This sounds beautiful because the ability to engage in various tasks simultaneously is a human-specific trait that can make us proud of ourselves. But research gets our feet back on the ground, showing that multitasking can almost halve productivity. So what could be done about it?

Implementing robotic process automation in contact centres can provide your employees with much needed assistance, without the need for more (costly) hirings. Not only will they become more productive, but they’ll also be freed to invest time and cognitive resources in customer communication.

This is a win-win situation: customers’ issues are better addressed, employees are more efficient while also being more likely to get a sense of meaningful work, and the company itself, on top of performance and productivity gains, can also leverage the positive consequences of a good reputation among clients and staff alike (read customer and worker loyalty).

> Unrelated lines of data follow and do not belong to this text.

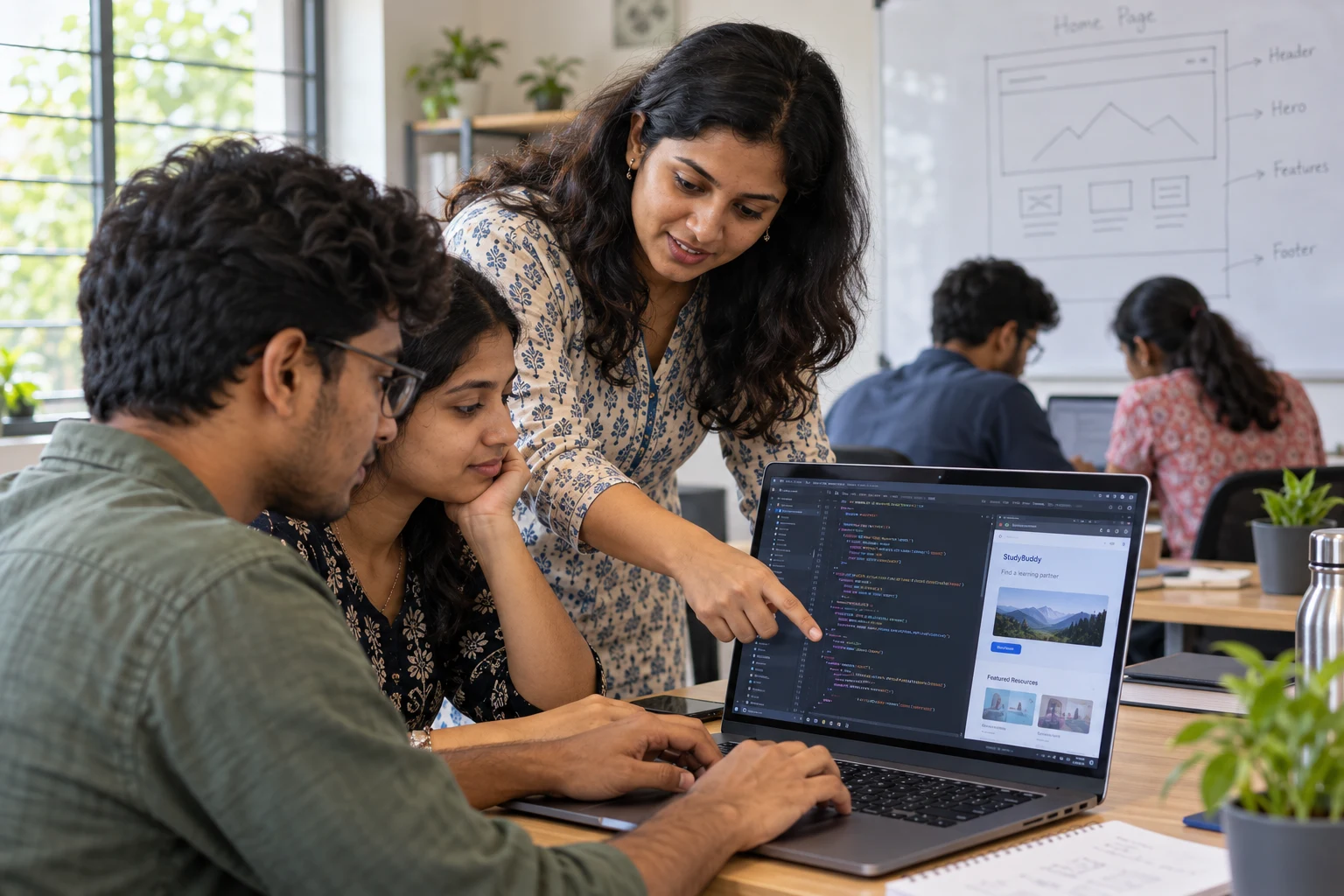 A software development mentor helping aspiring developers build a web application
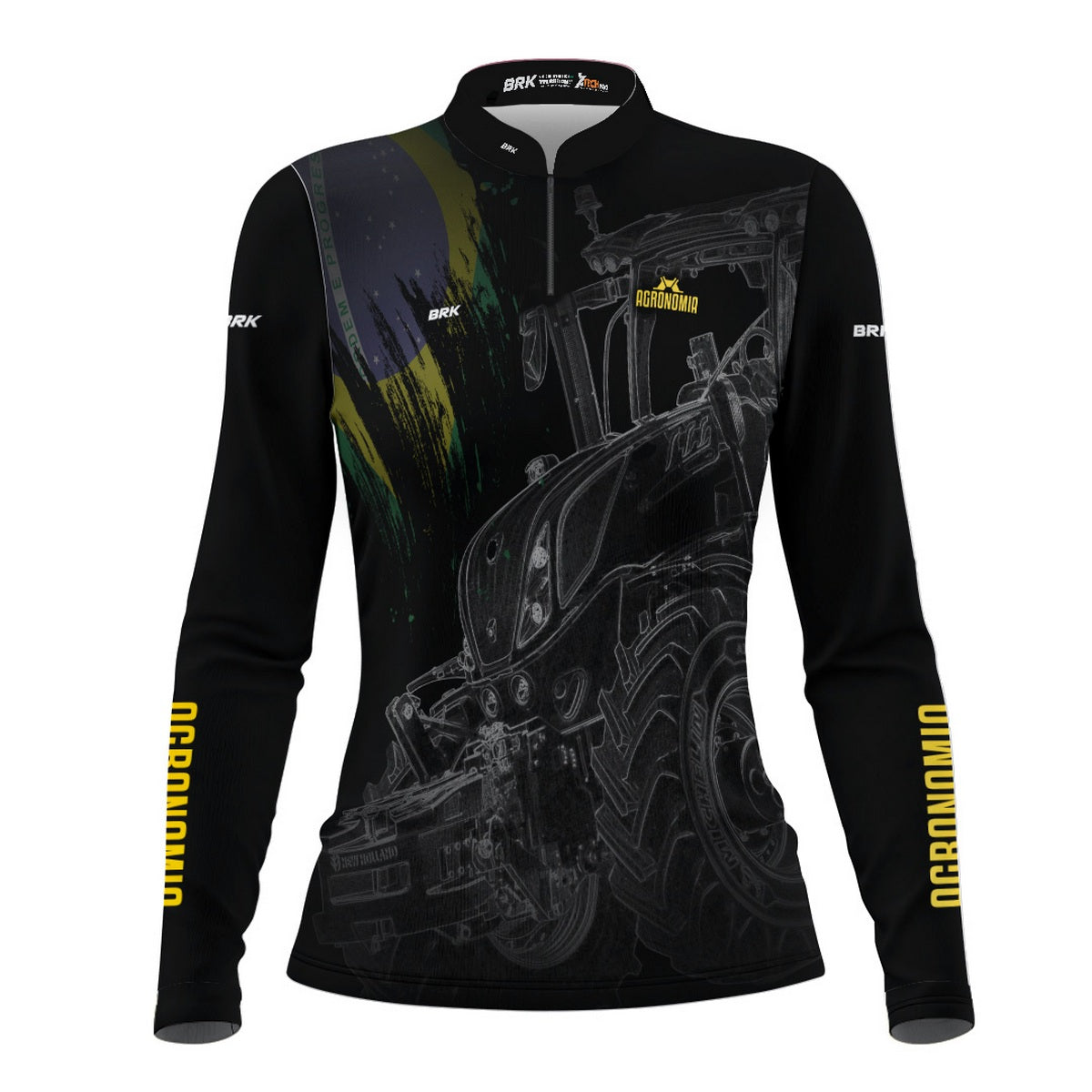 Camisa Agro Feminina Brk Agronomia Preta 2 com UV50+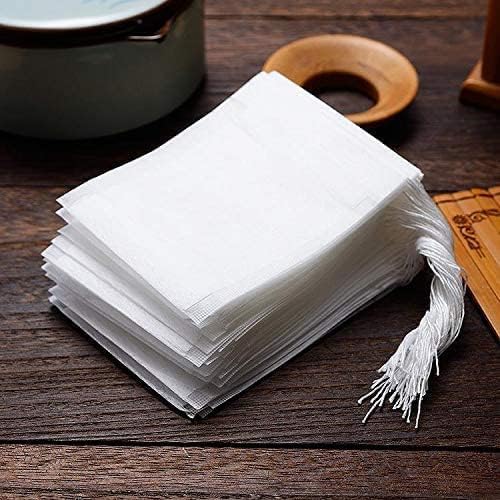 400pcs Disposable Tea Bags for Loose Leaf Tea, Biodegradable Tea Filter Bags with Drawstring, Corn Fiber Empty Tea Bags for Loose Leaf Tea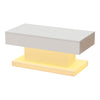 Coffee Table White High Gloss with App Controlled LED & Drawers for Living Room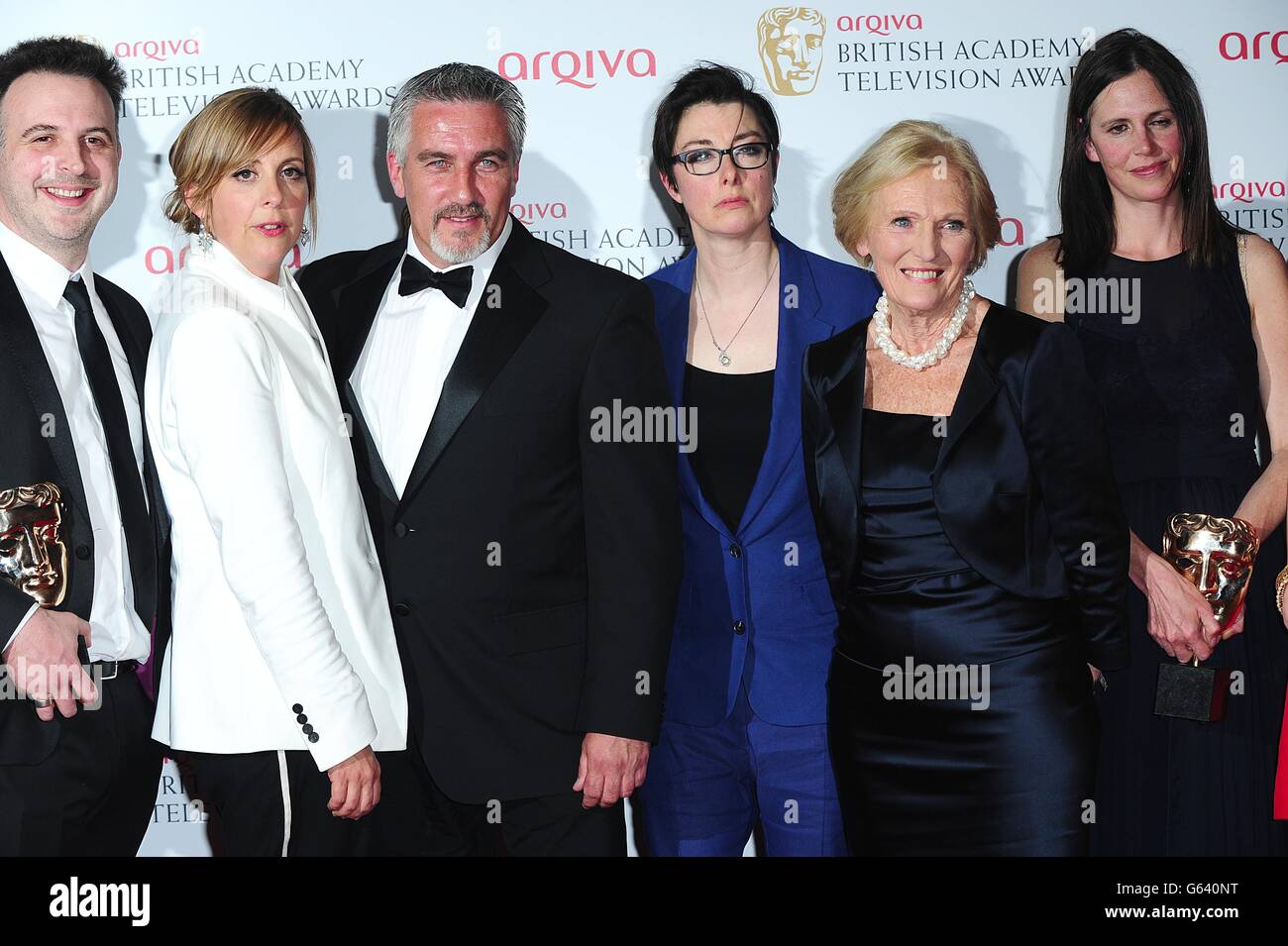 Mel Giedroyc, Paul Hollywood, Sue Perkins and Mary Berry with the Best Features Award for The Great British Bake Off, at the Arqiva British Academy Television Awards 2013 at the Royal Festival Hall, London. Stock Photo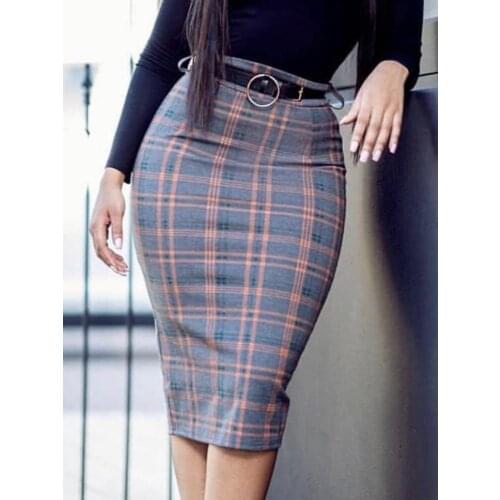 Women High Waist Plaid Pencil Skirts Bodycon Retro Classy Elegant Office Ladies Summer Modest Slim African Fashion Jupes Falads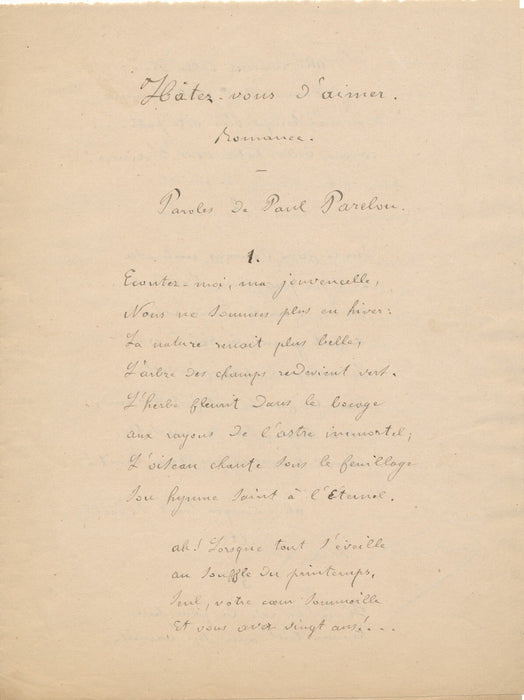 Paul PARELON parolier XIXe manuscrit autographe signé Hâtez vous d'aimer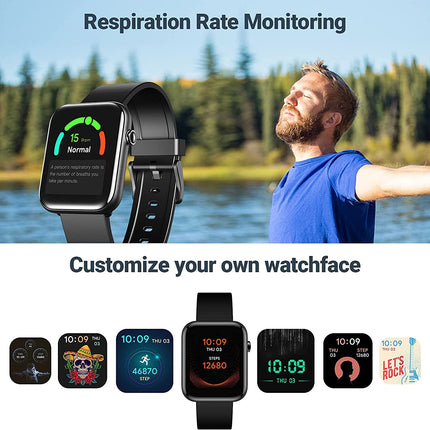Ticwatch GTH Smartwatch up to 10 days battery life with skin temperature measurement, blood oxygen, heart rate monitoring, sleep tracking, 5ATM waterproof for men and women, TicWatch GTH EU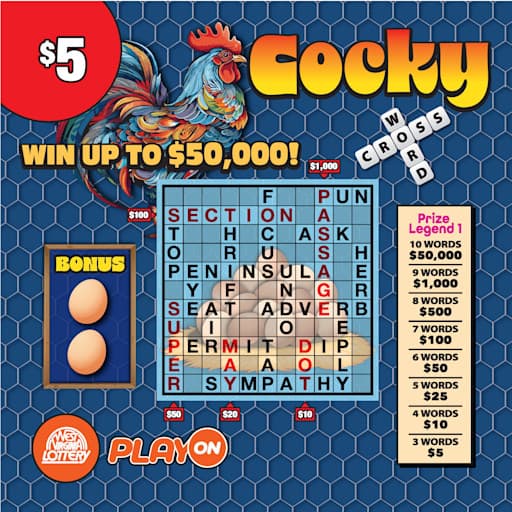 COCKY-ENCOUNTERS CROSSWORD scratch-off ticket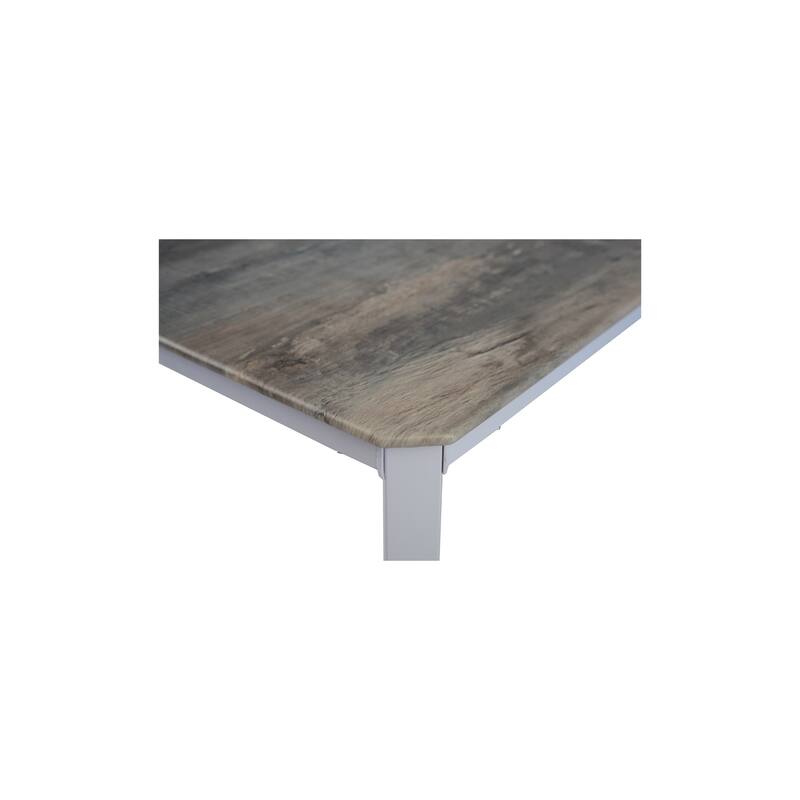 Rustic Elegance 4-Piece Dining Table Set - Grey and White Charm, Space-Saving Design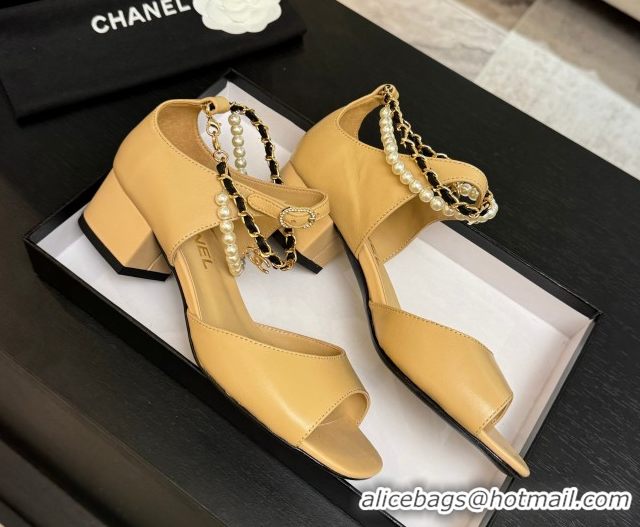Best Product Chanel Lambskin Low Heel Sandals with Chain and Pearls Beige 2025 G46658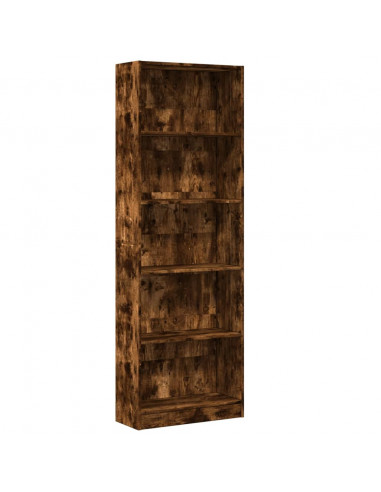 Libreria Rovere Fumo 60x24x176 cm in Legno Multistrato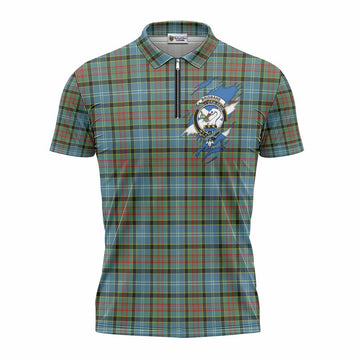 Brisbane Clan Crest In Me Tartan Zipper Polo Shirt Scotland Flag Style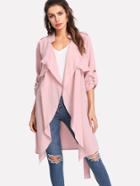 Shein Roll Tab Sleeve Flap Front Belted Coat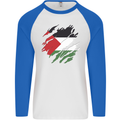 Torn Palestine Flag Palestinian Day Football Mens L/S Baseball T-Shirt White/Royal Blue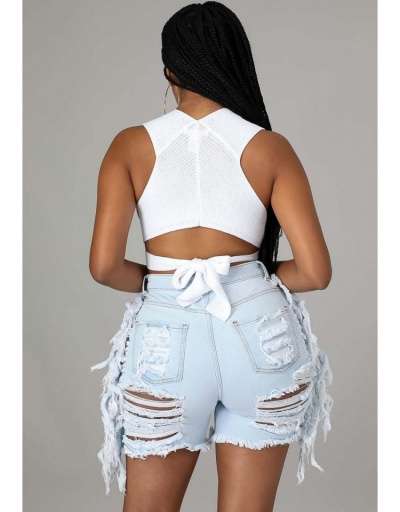 Replica Fashion Ripped Tassels Denim Shorts For Women #795575 $23.66 USD for Wholesale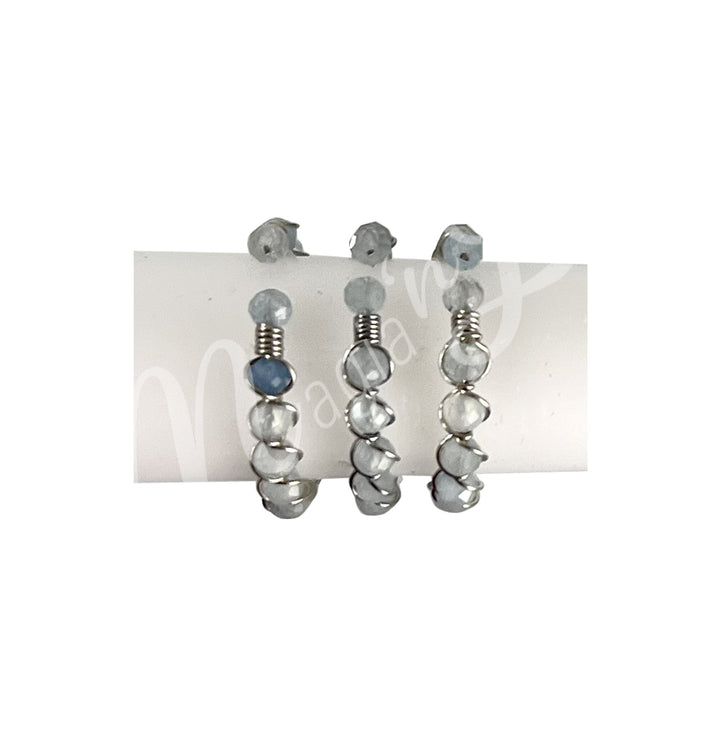 Anillo Ajustable de Aguamarina Facetada (3 mm)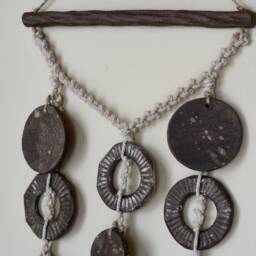 Brown Stoneware Moon Wall Hanging Rustic Ceramic Decor - thumbnail 4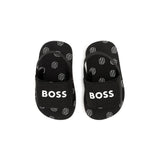 Boss Kids Sandali Neri Pull On con Logo Neonati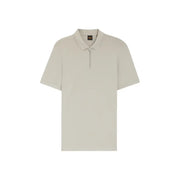 Beige boss men polo shirt made of cotton with short sleeves and a subtle zipper placket minimalist branding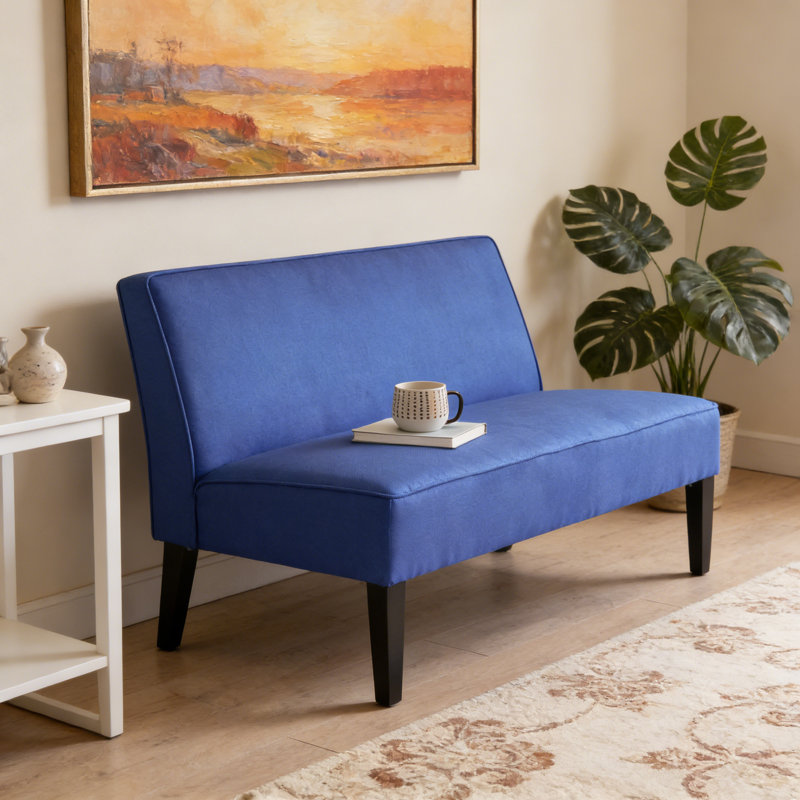 Causeuse rembourrée en lin Nhat, Polyester bleu marine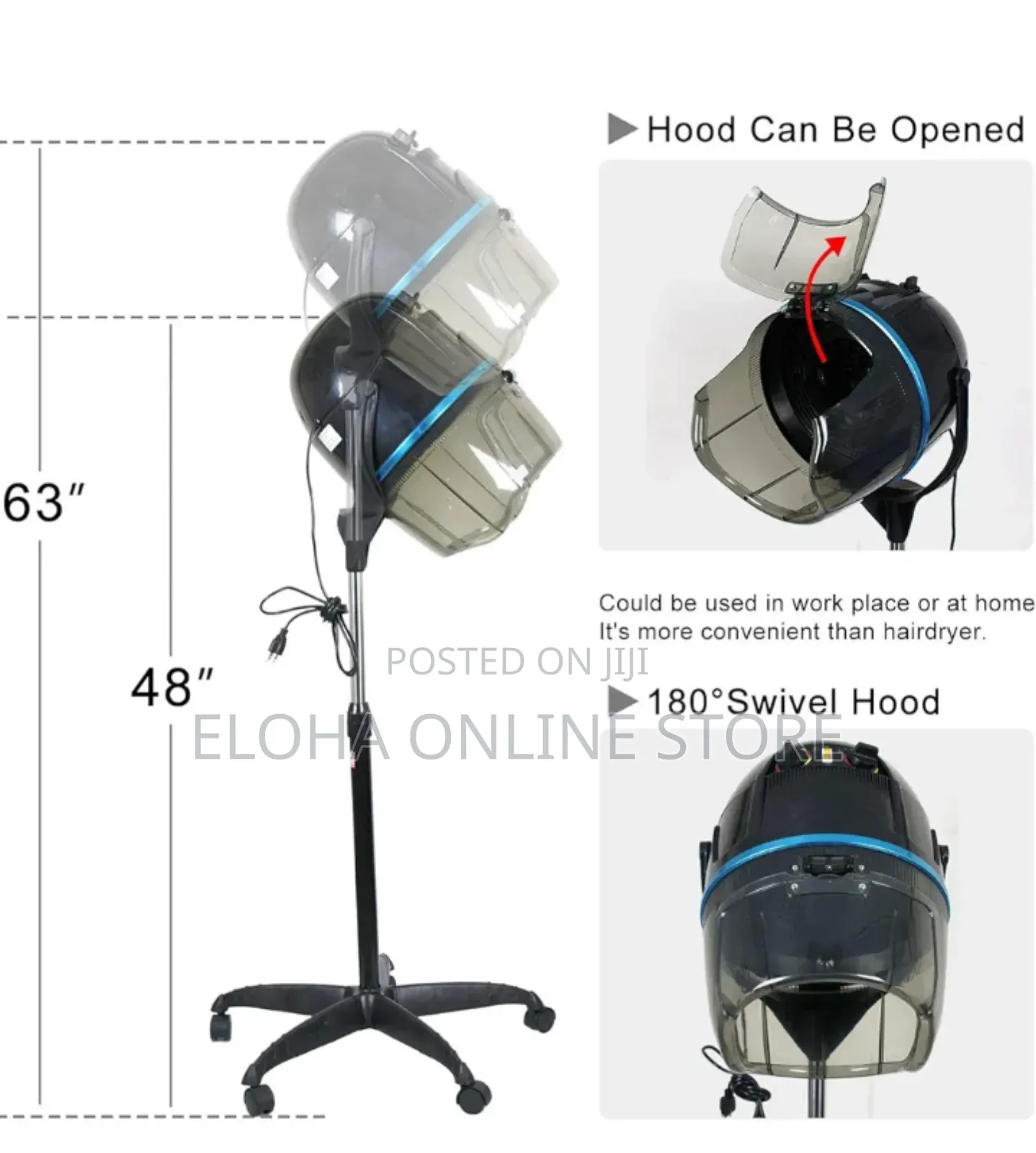 Adjustable Stand Up Hair Dryer 1300w With Rolling Wheels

KPMG informs us that use of RPA can have a tremendous impact on operational costs, reducing them to only a quarter. A recent Orbis Research report predicts that the global contact centre market will grow to $24.6 billion by 2022, which means a CAGR of 22%. If this is so, it becomes mandatory for companies in the field to gain competitive advantage in order to better deal with such growth dynamics.

As we argued before, RPA deployment is an appropriate tactic for businesses aiming for top positions in their respective market. Call centre market surveys corroborate this claim. For instance, according to the Everest Group Research market report from 2017, the adoption rate of RPA in contact centres has grown by 50% between 2014 and 2016.

The list below of real world application areas is to be taken as an additional argument, an empirical one, for the use of RPA as a substantial competitive advantage for business innovators in the answering services sector.

Real world use cases for robotic process automation (RPA) in contact centres

1. Data management

Contact centres work with large amounts of customer data. When done manually, this can wreak havoc. Overloaded employees can ask customers to repeat their details multiple times, causing frustration and slowing down the resolution of the issue at hand. Even worse, accidentally swapping data bits may result in customers receiving information totally unrelated with what they asked for.

It’s easy to see that situations like these are likely to irritate customers, and thereby downgrade the credibility of the company. Robotic process automation can cancel out the risk of error when extracting, analysing and cross-referencing data across multiple sources. The employees can then invest all their resources in actually attending customers. In the end, both the customers and the employees are more satisfied and less stressed.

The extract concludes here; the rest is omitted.